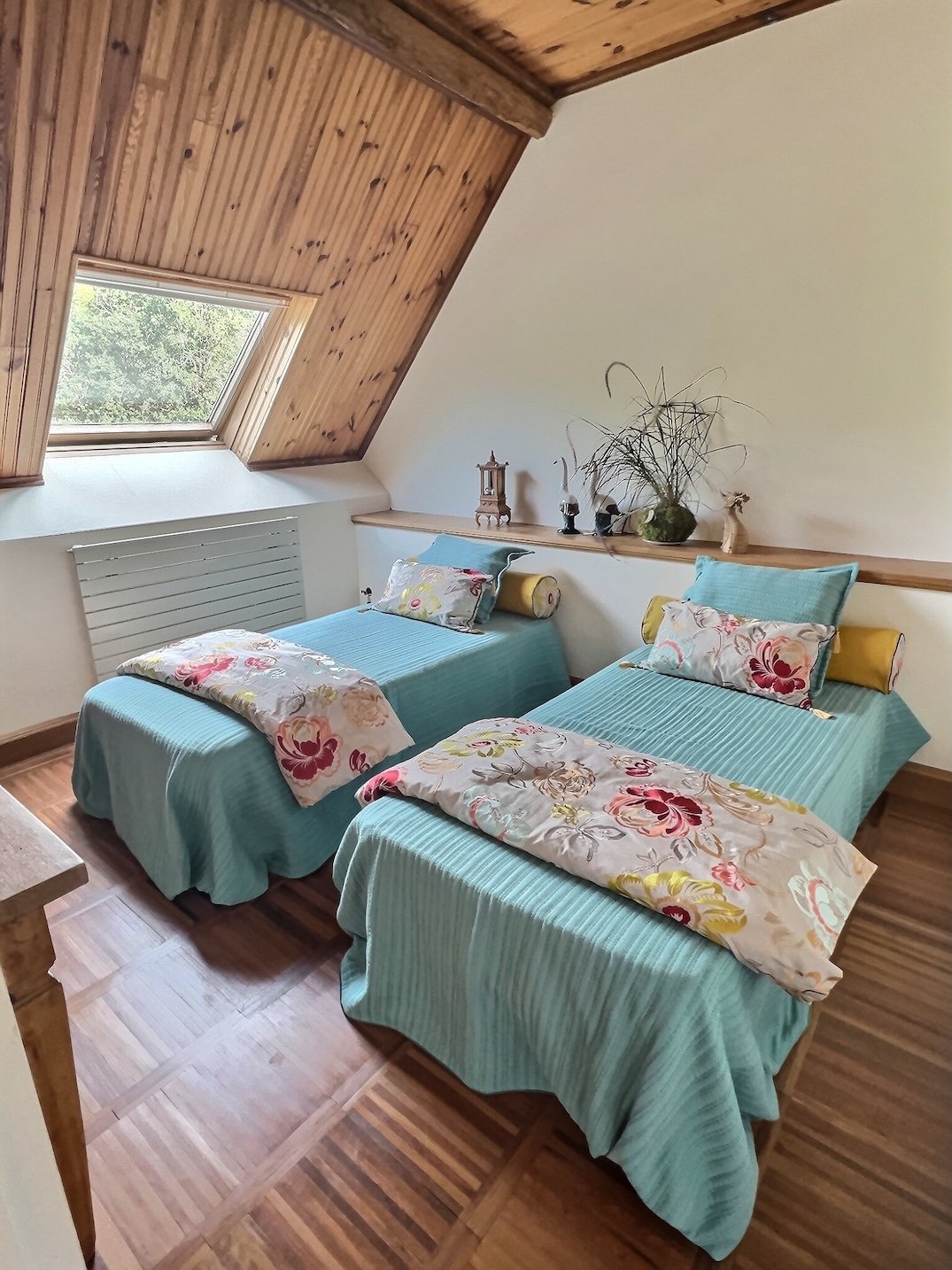 Chambre double avec lits jumeaux du gîte la Boursicauderie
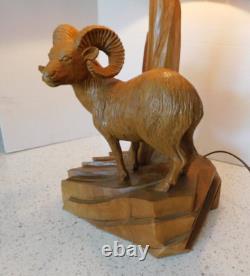 Lampe d'art populaire en bois sculpté représentant un bélier Big Horn de CLEMENT DUBE des années 1950, abat-jour en lattes de bois 3/69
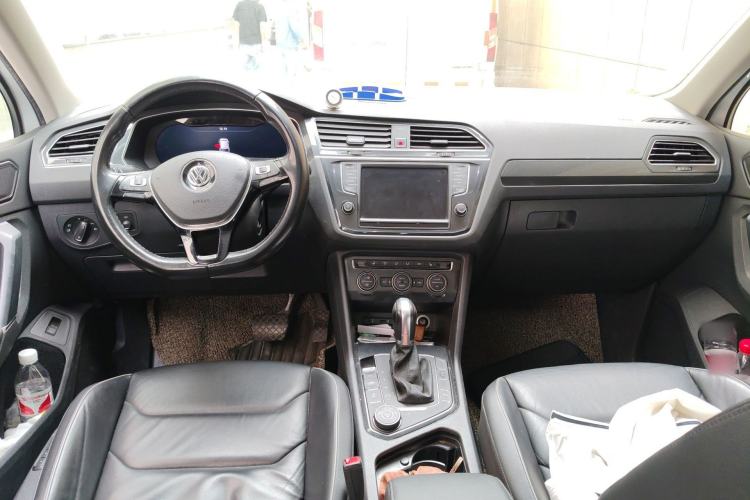 Used Volkswagen Tiguan 2017 330TSI All-Wheel-Drive Innovation Model Center Console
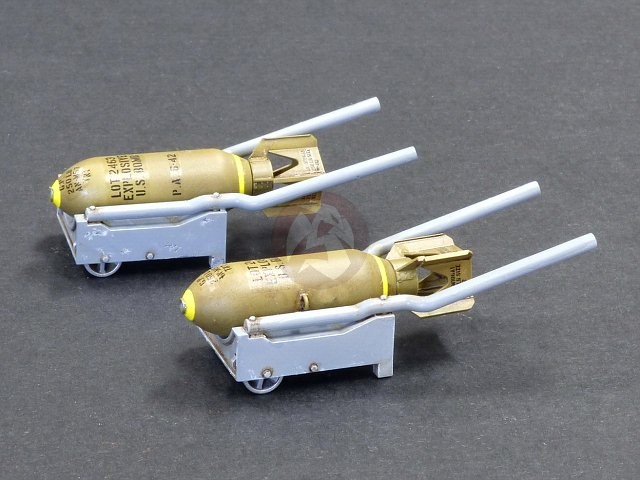 Plus Model 1/32 US Hand Cart Mk.I w/AN-M57 250 lb GP Bomb WWII (2
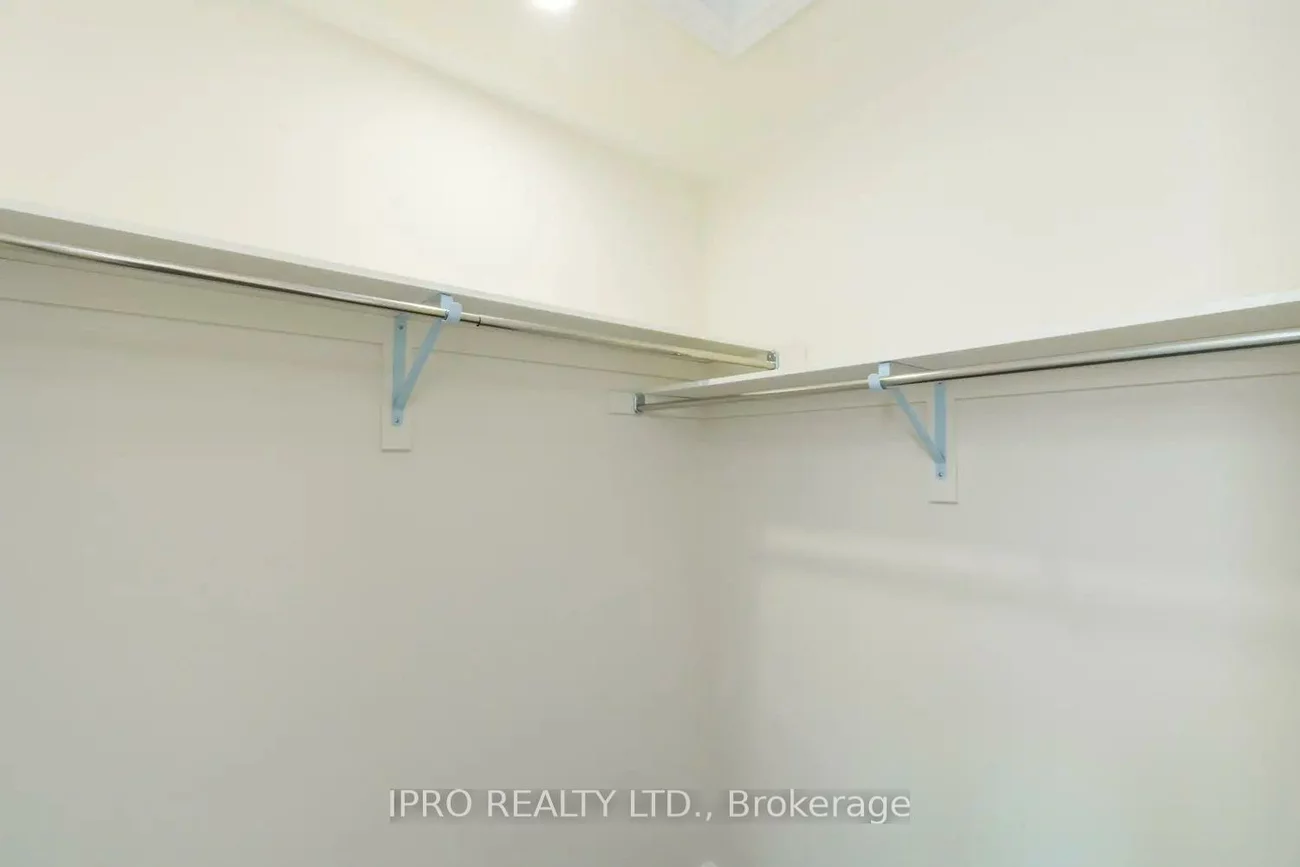 34, Valleybrook, Innis-Shore, Barrie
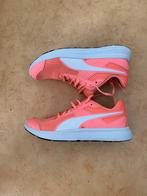 Puma dames sneakers maat 37 voor 15 euro, Kleding | Dames, Schoenen, Ophalen of Verzenden, Zo goed als nieuw, Sneakers of Gympen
───
What the exercise asks:
Write the lines from the line containing "34, Valleybrook, Innis-Shore, Barrie" through the last line of the data out again exactly, and only those lines; pictures stay out.

Expected answer:
 34, Valleybrook, Innis-Shore, Barrie
 Puma dames sneakers maat 37 voor 15 euro, Kleding | Dames, Schoenen, Ophalen of Verzenden, Zo goed als nieuw, Sneakers of Gympen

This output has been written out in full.